Finweek reckons it may be a dangerous (and costly) assumption to write off Zeder’s ability to move and shake in the agribusiness sector. Specifically, we’re keenly watching developments at Zeder’s investments, such as Kaap Agri (where an increased stake seems inevitable to ensure a bigger stake in Pioneer Foods) as well as undervalued fruit exporter Capespan.
In terms of new investments it should be remembered there’s a considerable war chest. Zeder is now pretty flush after profitably cashing in around R250m after selling its take in KWV. And the company still has its dividends from Capevin/Distell to look forward to…
But let’s, for a minute, lay aside possible future manoeuvrings by Zeder and concentrate on the value proposition offered by its current share price.
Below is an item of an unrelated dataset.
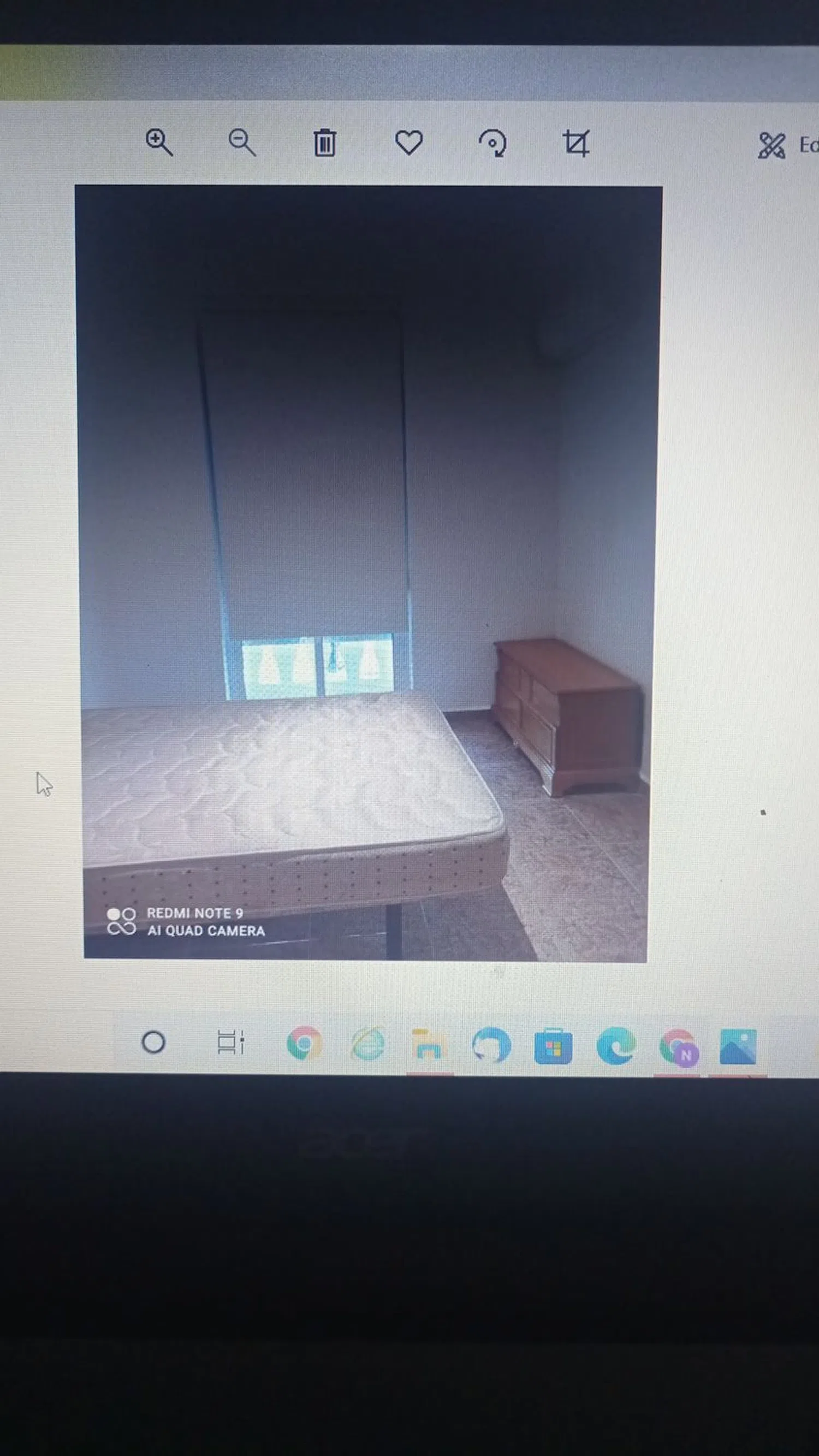 Piso en calle de Cadis, 53 - Foto 6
In the six months to end-August 2010 Zeder’s intrinsic value was reflected as 278c/share. At the time of writing, after drifting near to the 220c level last month, Zeder’s share price has clawed back to 245c – in line with the last stated net asset value of 238c/share (a valuation that doesn’t see through to the underlying investments).
We’d argue its intrinsic value has shifted upwards markedly since August. First, KWV’s shares were then trading at 1000c on the OTC market (compared to a 1180c cash out by Zeder recently) and, second, Pioneer Foods was trading closer to 4 000c than the 5400c levels seen recently.
Zeder’s results will be out fairly soon, but we’d guess intrinsic NAV at end-February 2011 would be around 300c/share. That’s an enticing discount to underlying value and one that might even prompt a share buyback by Zeder.